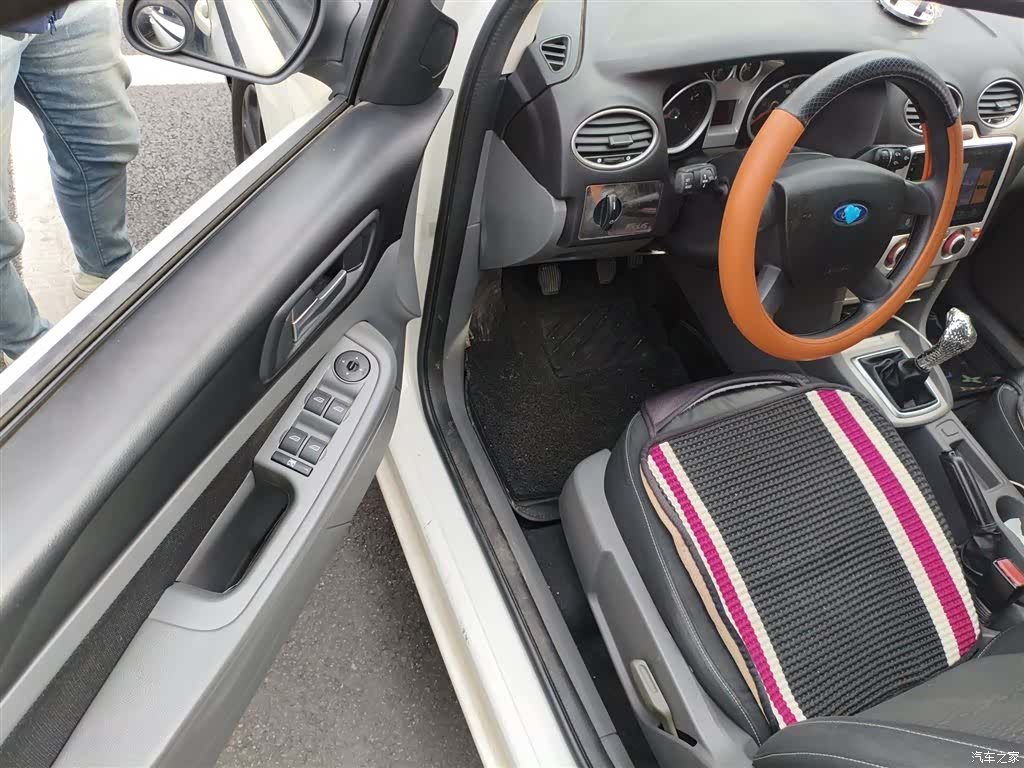 Ford Focus, 2014 14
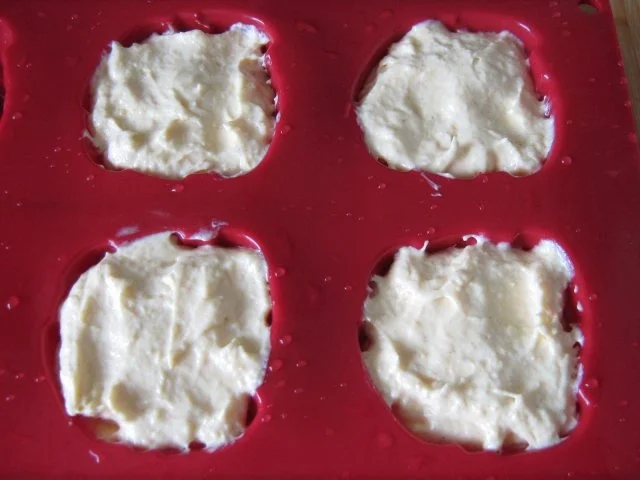 Mascarponecreme mit Sharon, gestürzt auf Beerenspiegel - Rezept - Bild Nr. 4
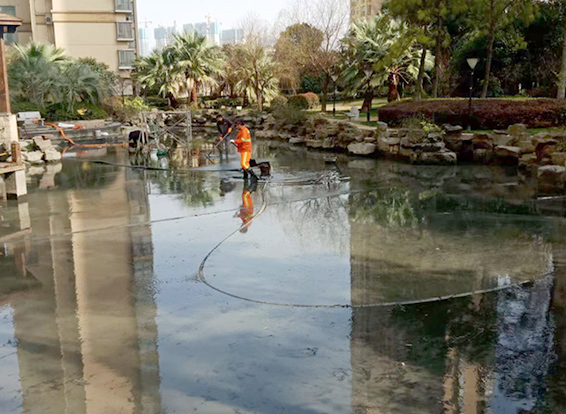 乐安景观池淤泥清理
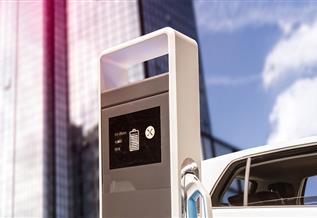本設計方案主要是基于NB-IoT技術(shù)，在公共車(chē)輛智能調度系統利用NB-IoT技術(shù)以期實(shí)現公共交通工具(公交車(chē))的人員需求統計、智能調度、智能監管和實(shí)時(shí)有效的車(chē)輛分配。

**WHAT YOU HAVE TO DO:** The data above should be returned in full, exactly as written, apart from its images.

**ANSWER FOR THIS EXERCISE:**
 Ford Focus, 2014 14
 Mascarponecreme mit Sharon, gestürzt auf Beerenspiegel - Rezept - Bild Nr. 4
 乐安景观池淤泥清理
本設計方案主要是基于NB-IoT技術(shù)，在公共車(chē)輛智能調度系統利用NB-IoT技術(shù)以期實(shí)現公共交通工具(公交車(chē))的人員需求統計、智能調度、智能監管和實(shí)時(shí)有效的車(chē)輛分配。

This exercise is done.